This is Part One.
It’s so early that the thin crescent moon is still visible in the clear sky. My eyes move from that bright crescent to its fabric counterpart on the huge red flag flapping gently above the quay. It is the first ferry of the day, so the usual crowd of several hundred Turks scrambling to be the first on board hasn’t woken up yet. (They’ll all be on the next one.) The engines have roared to life, and are now humming in anticipation.
It’s only seven a.m. and this ferry doesn’t leave for another fifteen minutes. I have my reasons for arriving early. Firstly, I want to score a seat on the pretty side of the boat, the one that will soon grant a glorious view of the rising sun over Haghia Sophia and the Blue Mosque. (The other side is still interesting, with its industrial scenes of Haydarpaşa Train Station and the huge storage buildings for the massive tons of cargo that are transported via the Bosporus Straits every day.) Secondly, I want to beat the line at the tea and simit (a sesame bagel-pretzel hybrid) kiosk on board. And finally, I need to look over my lesson for my one-to-one class with the CEO of a preeminent Turkish fashion company. I certainly don’t want to miss the view because of adverbs of frequency.

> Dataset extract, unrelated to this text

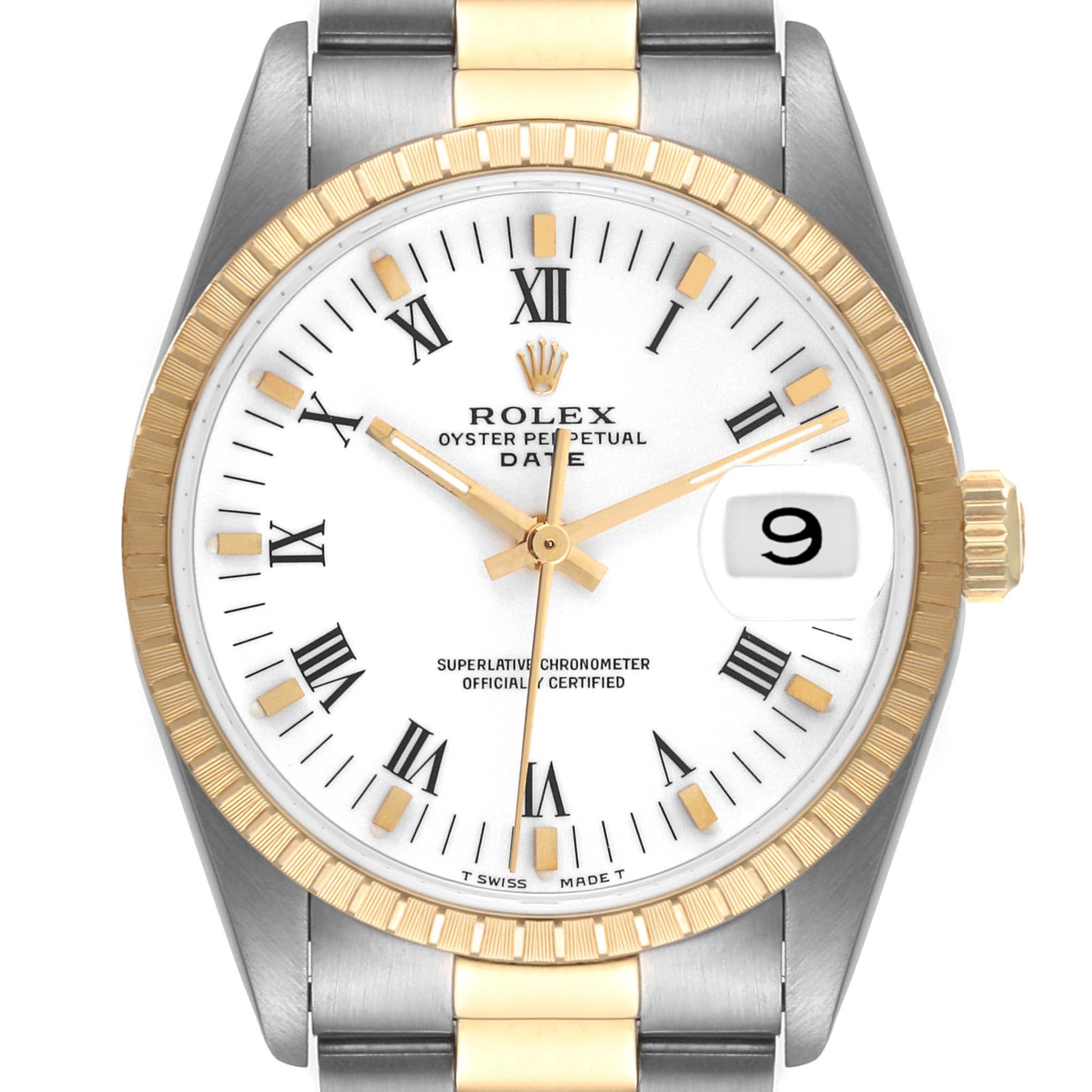 Rolex Date Mens Steel Yellow Gold White Dial Mens Watch 15223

I climb aboard, order “Bir simit, bir çay lütfen” (“one simit, one tea, please”) in broken Turkish, pay one lire (or about $0.70) and grab a bench by the window. It’s not quite warm enough yet in the mornings for an outdoor seat, but that’s fine. This commute from Asian Kadıköy to European Şişli is the highlight of my day.
The intercontinental cruise takes about twenty-five minutes, depending on the traffic. The Bosporus is one of the world’s busiest waterways. Floating on the azure blue water, the sound of choppy waves is broken up by the chattering of commuters on cell phones. Out the window, the view ranges from the enormous cigar-shaped oil tankers and gigantic cruise ships to tiny fishing boats that look like toys in comparison. Our ferry takes evasive action as it cuts in between these monster ships, small dinghies and the other ferries, each fighting for space in the heavy traffic. Once we pass the legendary Haydarpaşa, former station of the Orient Express and a brownish-gold jewel of turrets and large windows, the attention turns to Europe.